I am trying to understand what would cause a variance in the volume used in our quota vs the log size it is ingesting. I have been failing to find an explanation, and am wondering if anybody else has figured our the reason for the variance.
As an example, I am sending syslog from a wifi AP to our syslog server that is running a UF. On the syslog server, on Oct 27 I am getting 484 lines of logs and those logs have 91,462 bytes in the log file.
In Splunk if I search for these events using this search:
index=network sourcetype=wifi
| eval eventSize=len(_raw)
| stats sum(eventSize) count by sourcetype
I also get 484 events but using len(_raw) function, I get length of characters of 90,978. I would assume these numbers should be pretty close and they are.
Now when I look in the _internal index for the *license_usage.log metrics for the wifi sourcetype, using this query:
index=_internal sourcetype=splunkd source=*license_usage.log type=Usage st=wifi
| stats sum(b) as bytes by st
I get a different sum of 103,794 bytes.
I am trying to determine how this could be or makes sense. This isn't a large difference (roughly 12%), but its spread out over every index and sourcetype and combined equals a large part of our license quota that I cannot explain for. Another example is our firewall logs, which is one of our largest indexes.
For Oct 27, len(_raw) = 62,899,298,079 chars in length. *license_usage.log = 81,139,209,296
This is a difference of roughly 22% over much larger percentage of our quota. There are other large indexes with similar variance.
I only have one production cluster, and I don't have a great way to verify this would be the same result on someone else's cluster. Do other people have this issue?
I am trying to find a logical reason for why this would be the case. Things that I have tried to track down:
1) Using the License Usage dashboards in the Monitoring Console of our LM, on License Usage - Today I see numbers that align with the metrics using the len(_raw) metric. Using the Historical License Usage dashboard - If I switch to "NoSplit" parameter, I get numbers that also align with the len(_raw) metrics. If I change the Historical License Usage parameter to "SplitByIndex" I get numbers that align with the *license_usage.log metrics.

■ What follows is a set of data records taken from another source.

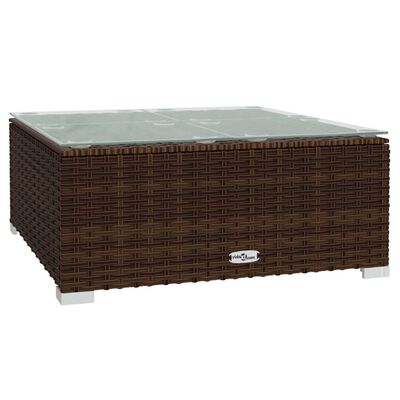 Brown wicker coffee table with glass top.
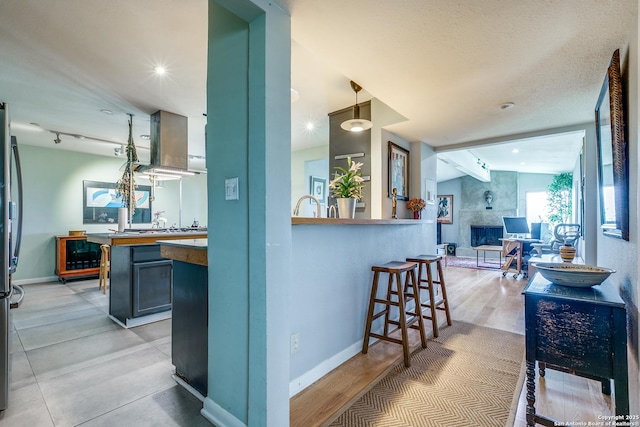 kitchen featuring open floor plan, island exhaust hood, stainless steel appliances, and baseboards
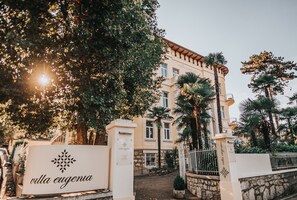 A building with a sign reading "villa eugenia" at the entrance, surrounded by palm trees and a stone wall. - Hotel Villa Eugenia (Lovran)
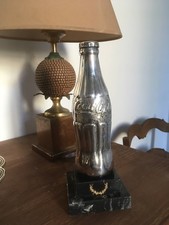 Bouteille Coca Cola en métal argenté poinçonné, trophée des années 50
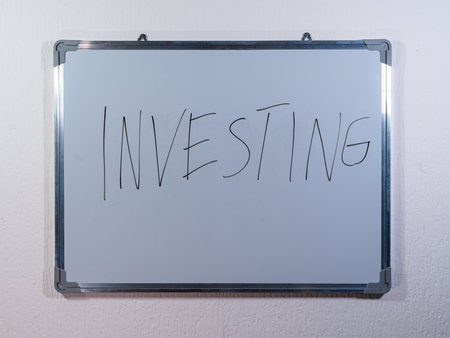 Whiteboard showing INVESTING concept on clean white wall background representing financial strategy, long term growth and marketsの写真素材
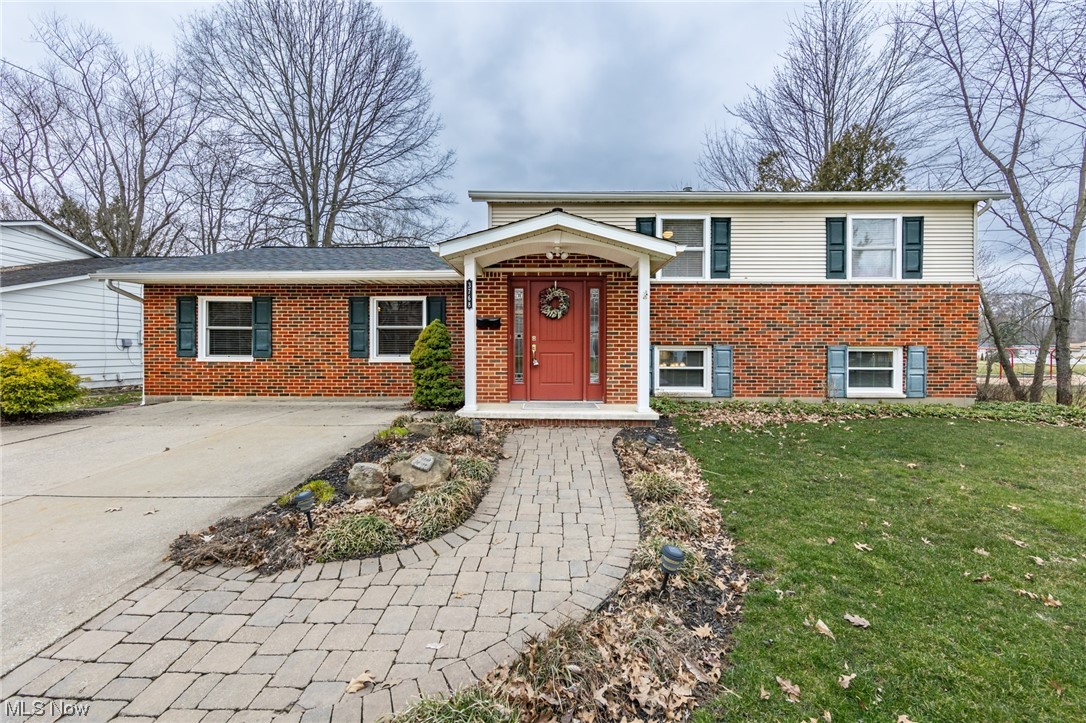 A wonderful, one of a kind 4 bedroom, 2 full bath split level with a walk out lower level in Stow.  This excellent home has an updated, and large eat-in kitchen with granite counter tops and stainless steel appliances.  The large living room is shared with a dining area.  The main level family room is 24x12 with a fireplace.  A master suite has a huge bathroom with a garden tub, shower, and double sinks... and connects to a walk in closet that will shock you.  There are 2 bedrooms on the main level.  A large attached shed is heated as well.  The many updates include a new furnace in 2023, water tank in '22, updated electric panel, and more.  There is a large composite deck off the master, a brick patio, a large yard, and is next to Northport Park.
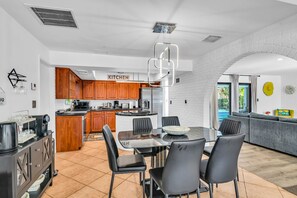 A modern kitchen with wooden cabinets, a dining area with a glass table and chairs, and a view of a pool through the window. - 1750 Managed by Brampton Park (Pompano Beach)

2) I have a support case opened to try to understand this difference. My SE told me that the "NoSplit" parameter (which is using the Type=RolloverSummary attribute in its base search) is the correct metric to measure license usage. My Support tech has told me that this is false, and that the "SplitByIndex" metric (using type=Usage) is the true count. Based on my manual measurements of the logs on the syslog server, I have to agree with the SE, but do not have any way to prove my LM is reporting incorrectly.
3) I have looked for duplicates using a variety of searches. Most show a couple of events, but we are talking less then 10, and its typically isolated on log sources with verbose or debugging output like DNS.

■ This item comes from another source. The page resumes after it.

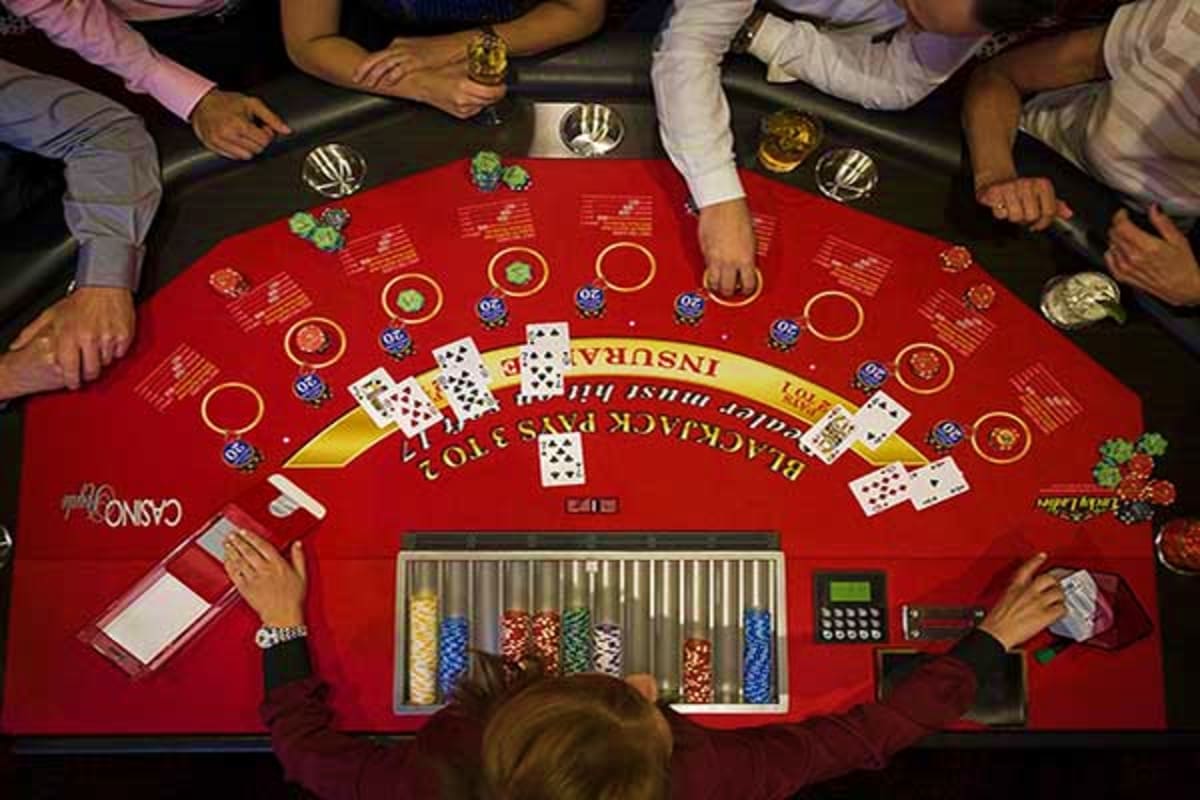 Overhead view of blackjack table with players holding cards and casino chips on red felt surface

4) I have looked for misconfigured inputs.conf or outputs.conf files. This did yield some results. I found one SH that had multiple outputs.conf files that were cloning some of the data inputs originating from that SH (a WIN!!), but in regards to the syslog wifi and firewall sourcetypes, this doesn't seem to be the case.

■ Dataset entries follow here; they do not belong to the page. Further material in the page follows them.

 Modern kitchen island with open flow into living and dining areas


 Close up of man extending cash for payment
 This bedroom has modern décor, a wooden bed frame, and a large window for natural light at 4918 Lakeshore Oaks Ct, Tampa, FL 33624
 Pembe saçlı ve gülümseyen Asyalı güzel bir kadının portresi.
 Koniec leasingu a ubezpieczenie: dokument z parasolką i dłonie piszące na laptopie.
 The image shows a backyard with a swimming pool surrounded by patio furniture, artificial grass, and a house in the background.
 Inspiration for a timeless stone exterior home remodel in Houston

5) I have reviewed the character encoding that is described here: https://docs.splunk.com/Documentation/Splunk/latest/Data/Configurecharactersetencoding
Every props.conf that I can find is set to CHARSET=UTF-8, which as I understand means Splunk is encoding all ingested logs using UTF-8. I thought this might be the culprit as higher order characters can take up multiple bytes in UTF-8. I do not think this is the case, as the syslog logs for wifi are only using the lower ASCII characters of UTF-8 from 0-127, which I believe are only taking up 1 byte per character. I am making this claim based on https://www.rfc-editor.org/rfc/rfc5424 and just visually looking at the logs, there is not that much to them. This also aligns with my manual measurement of the characters in the shell and using len(_raw).
Am I missing something here (or not understanding the underlaying process)? Is there other root causes I am overlooking? Does my cluster have some sort of issue, maybe with the configuration or architecture? Do others have this similar extra volume that is not easily explained, and this is normal behavior?
Anything helps, thanks.